Showing posts with label coach party. Show all posts
Showing posts with label coach party. Show all posts

Sunday, 28 August 2011

surprise

I ought to be at work today, instead of which I have booked Sunday off because we have been invited to a surprise birthday party.  After the birthday party we’re supposed to be calling in at the neighbours’ Bank Holiday get together, and after that, well frankly, I shall need a rest.

I’m not too sure what to expect of the surprise party.  It was described as ‘just a few close friends round’ which could encompass practically anything, socially and sartorially.  I expect it will be very nice.  You could not easily hold a surprise party here, as the other person would be bound to notice the amount of effort it takes to get the house clean and tidy enough.  It is in a fairly typical state of muddle this morning, which goes as follows:

The hall.  On the hall table, besides the things that ought to be there, like a bread crock full of wild bird food, a ceramic jar with Value currants for the chickens, and the telephone, are the following objects:  My best trowel.  The S.A.’s secateurs. The S.A.’s gloves.  A yellow plastic torch that broke when it got dropped on the floor plus the bit that broke off it.  A clip from a picture frame that broke when it blew off the wall.  (There used to be a set of six framed black and white photos of traditional boats, cut out of a calendar, but that is down to four due to breakages.  I have got a new, posh, limited edition copy of an Edward Bawden print to replace them, which has been professionally framed, but is still propped against the wall on the floor in the bedroom.  Before the S.A. screws it to the wall I need to remove the old hooks and paint the hall).  The glass wall and door (1970s house) need cleaning, as does the floor.  Estimated time to clean the hall to surprise party standards:  two hours, or two days if I were to do the decorating.
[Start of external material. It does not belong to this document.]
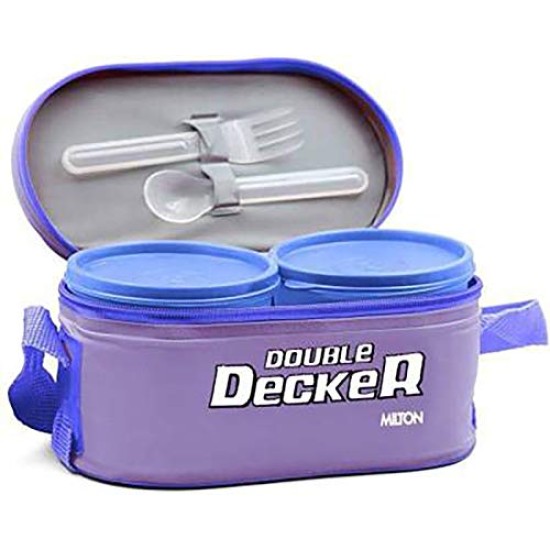 MILTON Double Decker Plastic Lunch Box with Insulated Jacket, 3 Containers (450 ml, 280 ml, 280 ml), Microwavable & Leak-Proof Tiffin for Office, School, College, Purple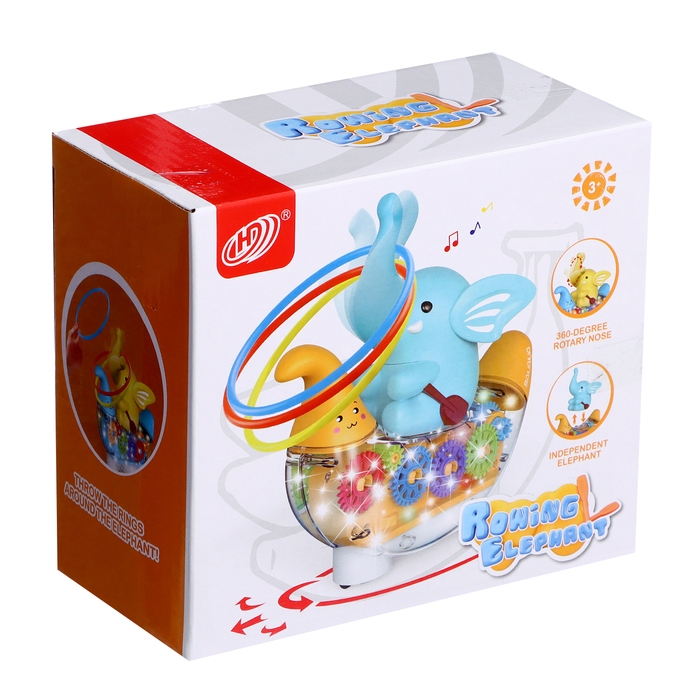 Музыкальная каталка &laquo;Плывущий слонёнок&raquo;, звуковые эффекты, цвета МИКС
The inner hall.  Besides the pottery (which needs washing) on the hall dresser (which needs dusting) are the following.  A plastic tub full of fence staples.  A plastic tube containing the shotgun pellets the vet took out of the cat.  A broken bronze watering can rose.  Assorted scarves and hats.  The S.A.’s subsidiary filing including a vehicle tax disk and some Tesco vouchers.  A plastic bag of jam jars my father gave me.  A box of Colchicum bulbs that arrived last Thursday.  A wooden bowl containing stones with holes in.  A pair of binoculars.  A piece of paper with instructions for Pilates exercises.  The floor needs washing and for a party we would tidy away the cats’ beds and the Wellington boots.  Estimated time to clean the inner hall to party standards: at least two hours including washing the china.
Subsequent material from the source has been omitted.